Digitalisierung und HR
Digitale Anwendungen und Softwarelösungen sind im HR-Bereich in vielen Unternehmen bereits fest etabliert und kommen insbesondere in Form von Bewerbermanagement-Tools, Lohn und Gehaltsabrechnungssystemen, digitalen Personalakten, aber auch umfassenden Personalmanagement- oder "HCM"- Systemen zum Einsatz. Dabei sollen durch digitalisierte und automatisierte Prozessabläufe vor allem administrative Aufgaben schneller bewältigt und "Zeitfresser" im HR-Bereich verschlankt werden.

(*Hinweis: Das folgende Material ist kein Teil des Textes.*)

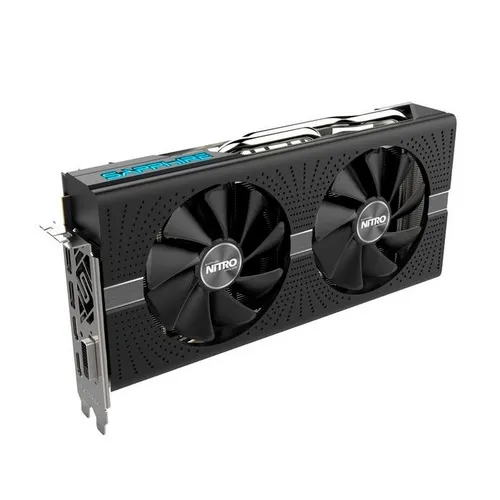 Sapphire amd radeon rx 570 nitro+ sale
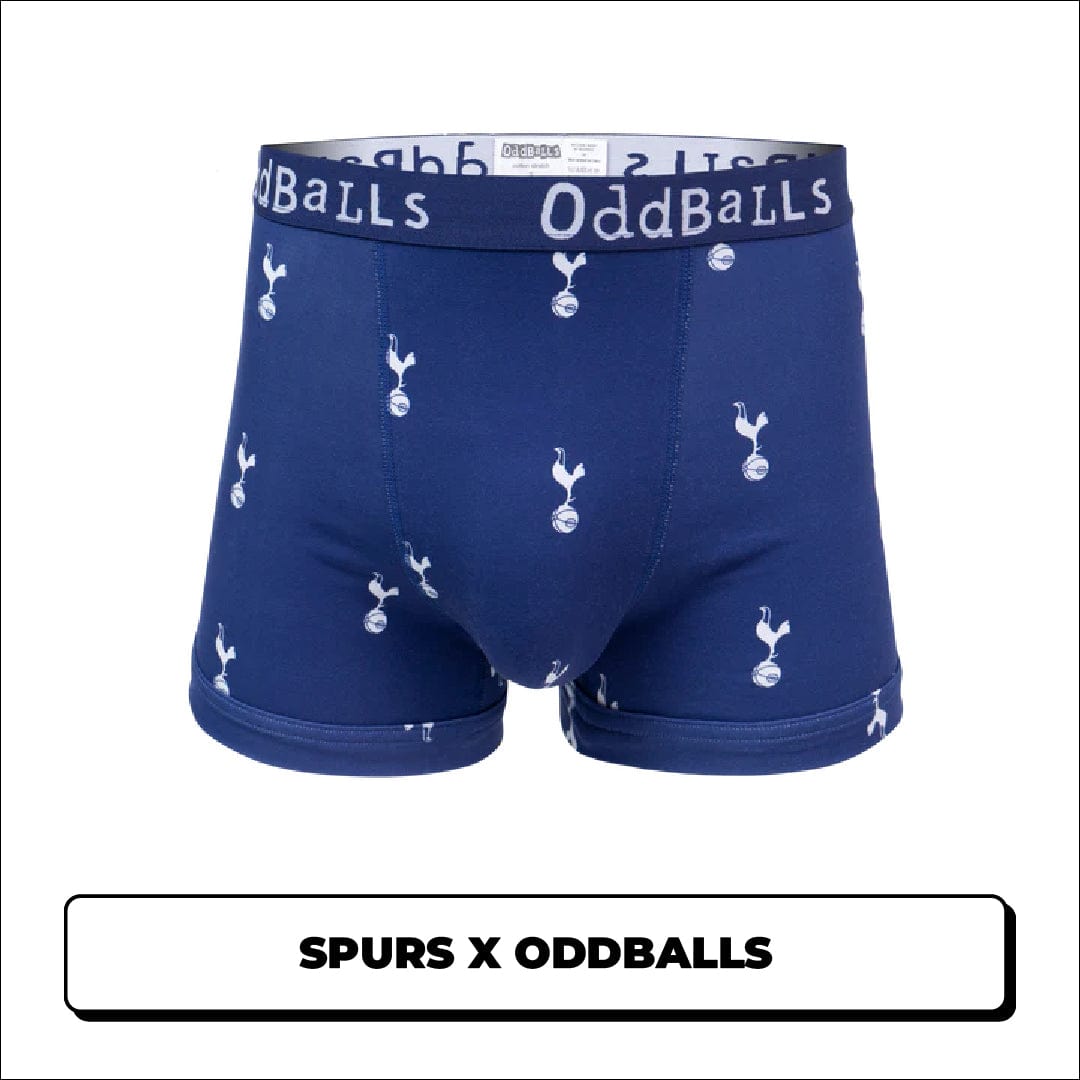SPURS ODDBALLS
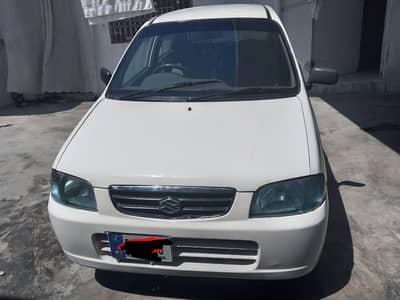 Suzuki Alto 2005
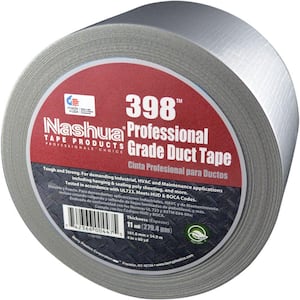  WOD DTC12 Contractor Grade White Duct Tape 12 Mil, 1/2 inch x  60 yds. Waterproof, UV Resistant for Crafts & Home Improvement : Industrial  & Scientific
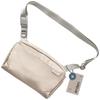 Tasche Uniq Arden Sling 2L - Beige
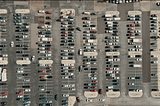 Building a parking space detector with Computer Vision [Part 1]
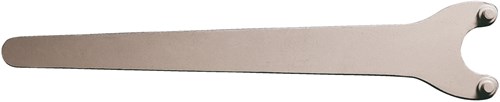 Milwaukee tilbehørs klemnøgle, lige - 4932367712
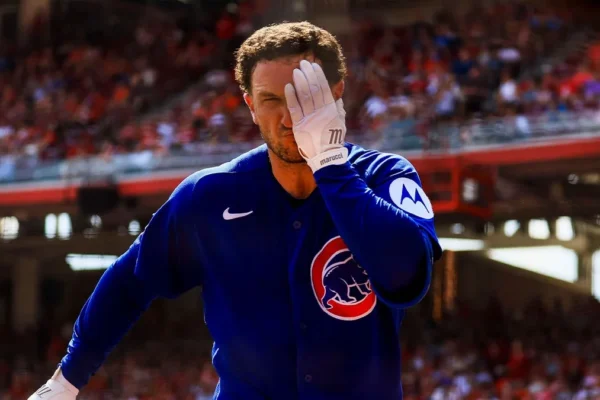 Bregman’s Bat Breaks Barriers: Cubs Star Stuns With Multi-HR Performance Days After Facial Fracture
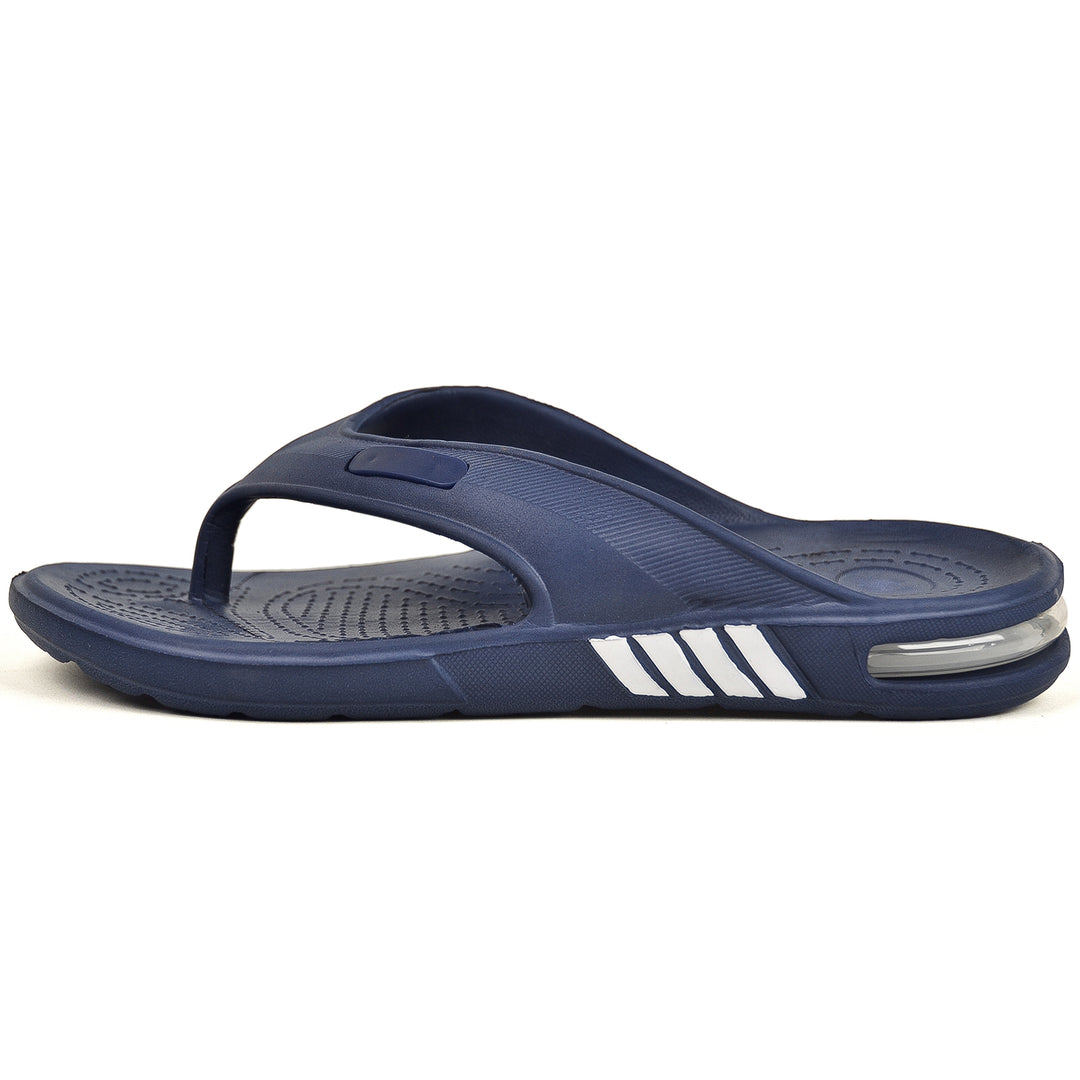 VONMAY Mens Slides Thong Sandals Outdoor Slippers Sport Flip Flop Open Toe Strap Non Slip Shower Shoes Image 1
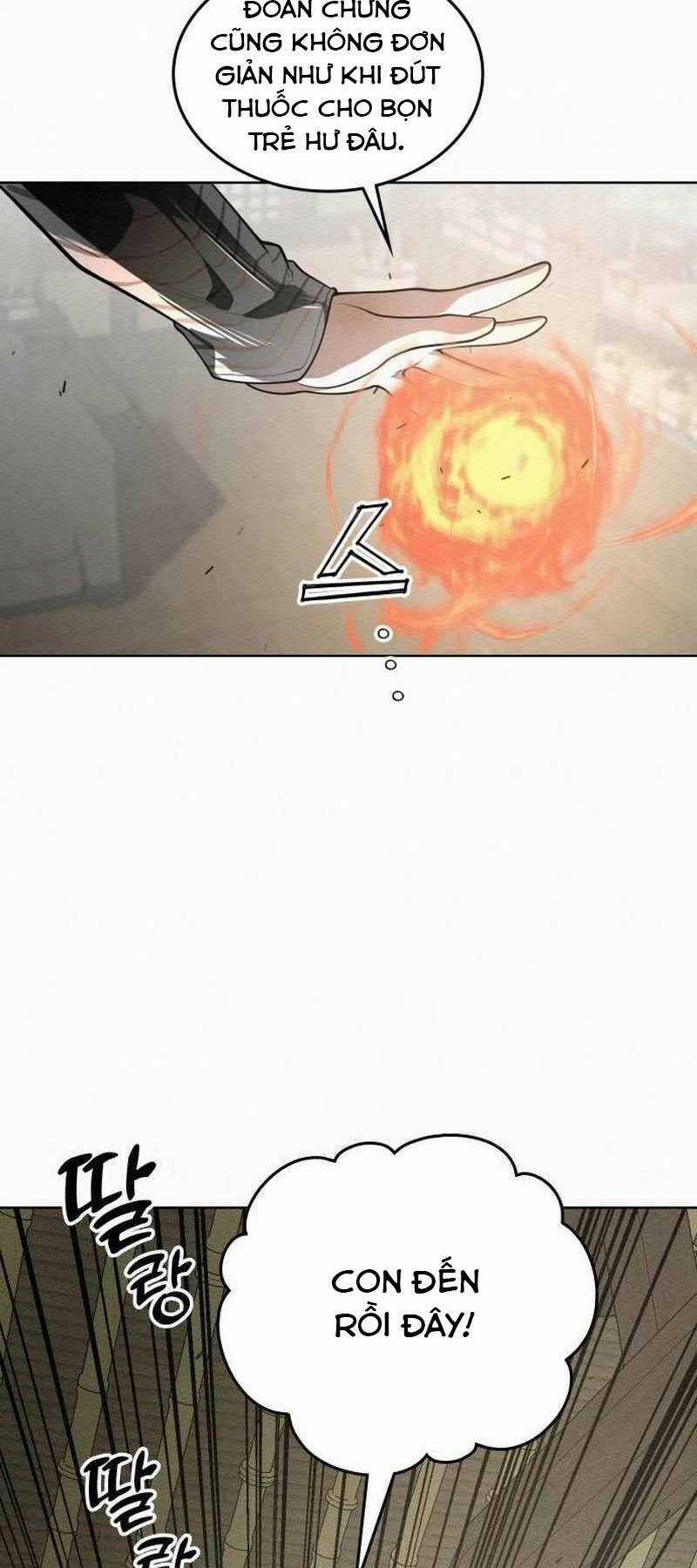 Phản Lão Hoàn Đồng Ở Thế Kỉ 21 Chapter 15 trang 34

Neben der automatisierten Abarbeitung von Routineaufgaben bieten Softwarelösungen die Möglichkeit, bei Personalentscheidungen zu unterstützen, um diese effektiver, einfacher hneller treffen zu können. Entsprechende Tools werden oft bereits im Bewerbungsverfahren genutzt. Hier ist die Anzahl an Interessenten vielfach so groß, dass sich Arbeitgeber einer künstlichen Intelligenz bedienen, die Bewerbungen vor- oder auch aussortiert. Teilweise sind derartige Systeme sogar in der Lage, Persönlichkeitsprofile der Kandidaten zu erstellen, indem sie eingehende "Bewerbungsvideos" mit Blick auf Mimik, Gestik, Sprache und schließlich den Inhalt der getätigten Äußerungen analysieren. Während des laufenden Arbeitsverhältnisses besteht beispielsweise durch das Erstellen softwaregestützter "Rankings" unter den Mitarbeitenden die Möglichkeit, automatisierte Vorschläge für Beförderungsentscheidungen zu erhalten.
Beendigung des Arbeitsverhältnisses oder Sozialauswahl
"Legal-Tech-Lösungen" können auch bei der Beendigung von Arbeitsverhältnissen unterstützen, insbesondere dann, wenn im Rahmen betriebsbedingter Kündigungen die Durchführung einer Sozialauswahl nach § 1 Abs. 3 KSchG erforderlich ist. Viele Unternehmen ermitteln derzeit noch "händisch" oder anhand teilautomatisierter Excel-Tabellen, welchen Arbeitnehmern auf Grundlage der gesetzlich vorgegebenen Kriterien (Lebensalter, Betriebszugehörigkeit, Schwerbehinderung und Unterhaltspflichten) als den jeweils "sozial Stärkeren" zu kündigen ist. Sozialdaten auf diesem Wege zu erheben und zu gewichten, ist jedoch nicht nur zeitintensiv, sondern auch fehleranfällig und stößt spätestens in größeren Umstrukturierungs- oder Transformationsprojekten an Grenzen.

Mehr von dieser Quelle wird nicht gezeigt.